11-го мы гуляли с ним в лесу. Договорились, что, если он до полудня 12-го не приедет, я должна отвезти на "Денисе" Елизавету Денисовну в Наро-Фоминск и поселить ее там в гостинице. Если все кончится благополучно, она снова может к нам вернуться. А пока... зачем подводить ее под удар?..
В тот последний вечер мы с Воронянской слушали в полумраке магнитофонные записи: рассказ моего мужа о какой-то очередной своей московской поездке, наш с ним разговор, его декламацию... В письме ко мне Елизавета Денисовна вспомнит потом об этом нашем с ней дне как об одном из "трудных, тяжких и беспокойных дней для сердца"... В том письме она пожалуется мне на резкое ухудшение здоровья, на боли в сердце. "Весна 1968 г. была моей лебединой песней", - напишет она мне.
12 июня с утра Елизавета Денисовна собирается, укладывает чемодан. Перед тем как вывести из гаража машину, я выхожу на шоссе в надежде увидеть мужа. Его нет. Уже час дня. Надо ехать.
В нарофоминской гостинице оказались свободные места. Елизавета Денисовна остается там. Я еду назад, содрогаясь от предстоящего беспокойного одиночества. И вдруг вижу открытую дверь гаража. Значит, муж приехал и этим дал мне знать, что он дома! Когда уж совсем не ждала! Какое счастье!
Александр Исаевич сияет: все удалось!
Теперь надо ехать к Елизавете Денисовне в Нару.
Муж понимал, что я, привыкшая к нашей с ним уединенной, замкнутой жизни, устала от многолюдья. И мы решаем постараться сделать так, чтоб Елизавета Денисовна уехала. Она уже сдвинулась с места, это должно облегчить дело.
В самом деле, мы остаемся в Борзовке вдвоем с мужем.
Первый день новой своей жизни, в которой уже нет волнений за судьбу "Архипелага", Александр Исаевич даже не очень еще работает. Просто пишет Твардовскому о перипетиях с его "запретительным" письмом.
Вечером муж зовет меня наверх, на балкончик, где так любил сиживать по вечерам.
- Посмотри, - говорит он мне, показывая в сторону березовой рощи, настоящая Троица!

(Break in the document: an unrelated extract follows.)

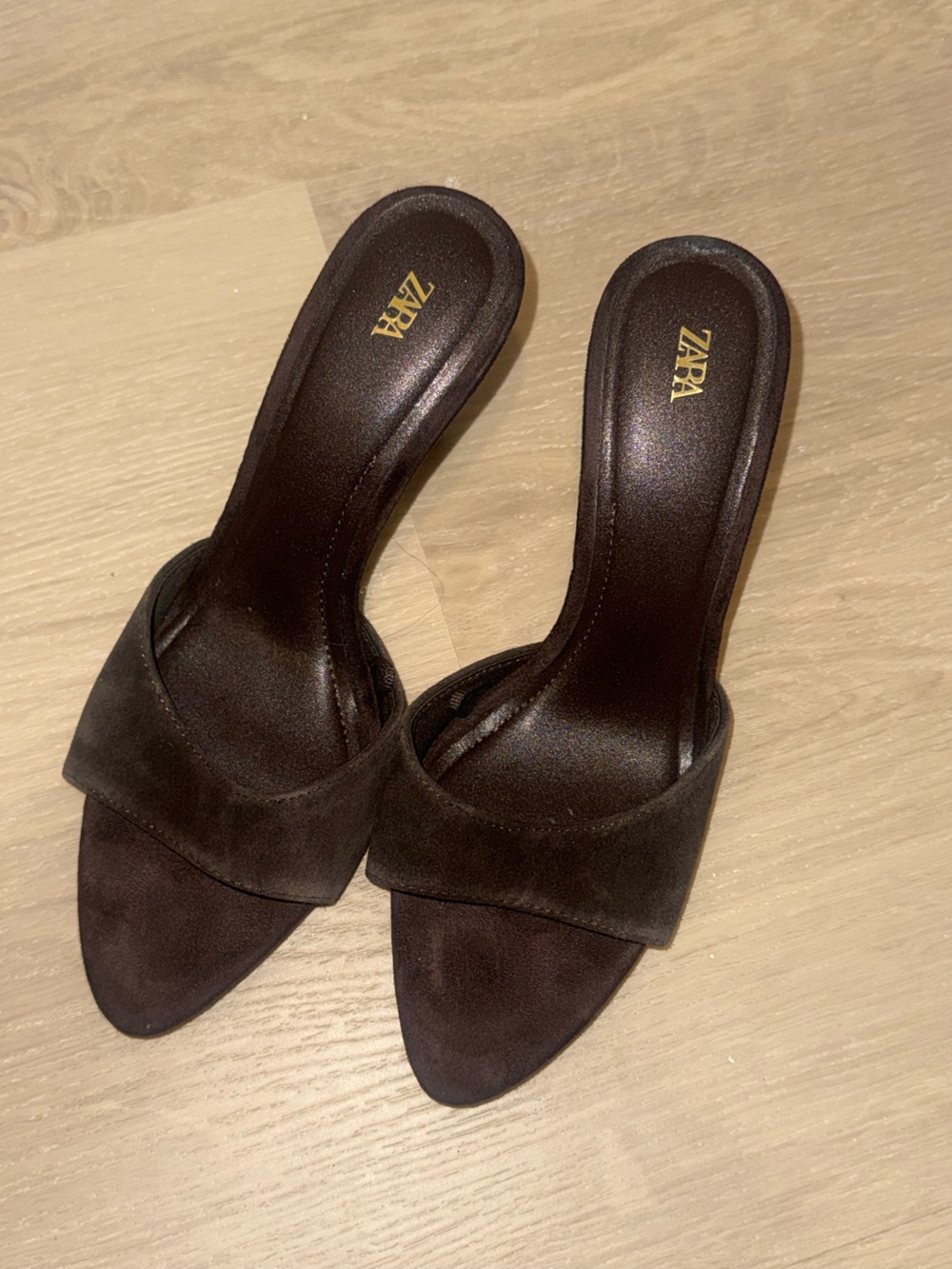 ZARA Brown Suede Slide Sandals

И в самом деле! Как мы раньше не замечали? Две сросшиеся березы и еще одна своими вершинами образовали как бы силуэт Троицы!
В благодарность Богу за то, что Троицыны дни принесли ему такую удачу, Александр Исаевич построит храм Троицы!.. Он должен быть трехглавым. И силуэт его будет таким же, как эта "березо-вая" Троица! Он должен стоять где-нибудь на просторе среди русской природы. Три его главы должны быть видны издалека-издалека...
После страшного майского напряжения, после сверхволнений начала июня муж расслабился. Настраивается на более спокойную жизнь: намерен продолжать работу над "Кругом-96", но не будет торопиться, станет жить спокойно.
Я рада столь редкому настроению. Сама освобожденная от печатания, считывания, репродуцирования с последующим проявлением, я с воодушевлением принимаюсь за хозяйство. И это приносит свои плоды: заслуживаю похвалы Александра Исаевича.
- Ты вполне сформировалась как хозяйка! - говорит он мне. Немного смешно, что произошло это так поздно, но ведь в Рязани мама всегда освобождала меня от хозяйственных дел.
В своем новом настроении, потеплевший, подобревший, смягчившийся муж еще говорит мне:
- Если буду вести себя не так, говори: "Саня, ты не великодушен!"
* * *
С тех пор прошло одиннадцать лет...1 И вот опять все та же наша дачка Борзовка (только без тебя!), опять май (только небывало жаркий - не такой, как тогда), все тот же домик (только поднятый на метр от земли, со смененным венцом вместо вконец сгнившего). Снова идут пасхальные недели. И... снова я печатаю па машинке. На этот раз - одна, не так, как в ту весну. И печатаю не твой "Архипелаг", вообще не рукопись твою, не то, что еще только когда-то станет книгой... Печатаю - типографское, но опять твое. Только уже не могу сбегать к твоему столику у Истьи, за которым ты готовишь для нас все новые и новые страницы, и сказать тебе, где, как мне кажется, не так ладно, и ты не ответишь мне как бывало: "Я же всегда прошу тебя читать вперед!"
1 Нижеприведенный отрывок написан в виде письма А. И. Солженицыну.